But I think your math is off.
- you need powerful people
- you need to know people well
- you need to know them IRL
- you need to know them if they know you
- one person can only help you get a job at one place
- the person must be in your line of work
However my experience has been rather:
- anybody has the potential to bring you an opportunity. They have friends, family and colleagues, and they talk. My first internship was from the cousin of a friend of my mother needing somebody. 3 layers of indirection.
- superficial relationships (met once in a meetup, sport club, whatever) do carry opportunity. When people are looking for a worker, they prefer somebody they know, but will rarely find it and settle for anybody they can assess.
- IRC channels, forum and social networks are all doors to get jobs. Even MMORPG, MOBA or RTS. Actually they are filled with geeks, they all work in companies having some need for a recruitment or the other. And they are having fun with you.

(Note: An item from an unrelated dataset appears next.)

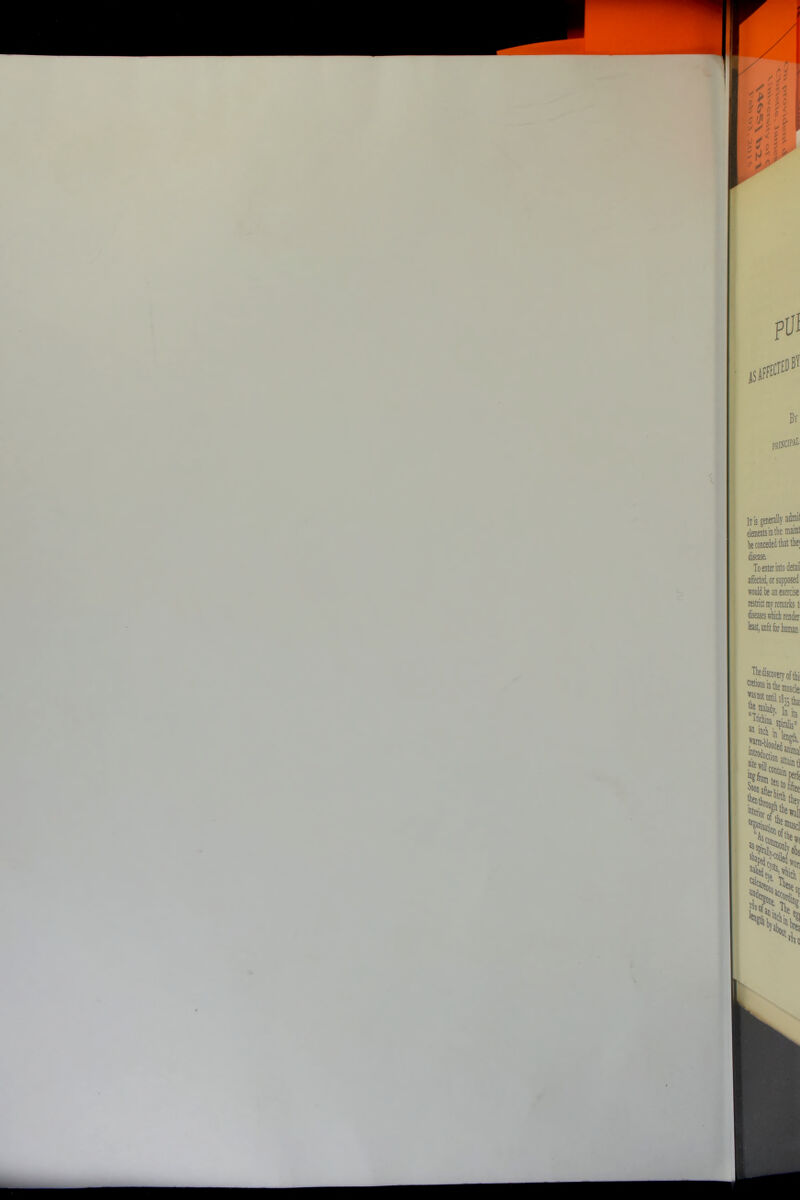 * Ills generally admit elements in the maint be conceded that tk; disease. To enter into detail affected, or supposed would be an exercise restrict my remarks ti diseases wiicli render least, unfit for human ^Rediscovery of thi; ^'^•isinthenwsdei » In its an ^rt ste„iii73^laiiitl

- Even if you don't know somebody, if the person knows your work, it's a start. Github is a great personal showcase. I personally don't send my resume first, but my link to my stackoverflow account because it's quite famous in the Python community.
- people can talk about you to somebody working at another company who heard someone needed somebody, etc. Actually it often works that way: informal networking is the way humans connect the best. This is something I learned in Africa where it's the way of life, it's a lost art in our countries, were we do it reluctantly if we have no way around it.
- I'm currently working for a transport facility. Because my flat mate, not an IT person at all, works for one of their contractor, and he knows the project manager for one stuff where they needed something to be coded and he hooked us up. How ? We played laser tag 2 years ago, and so they know me and we just had diner to seal the deal. It's that stupid. And it worked. I delivered the software and they were happy.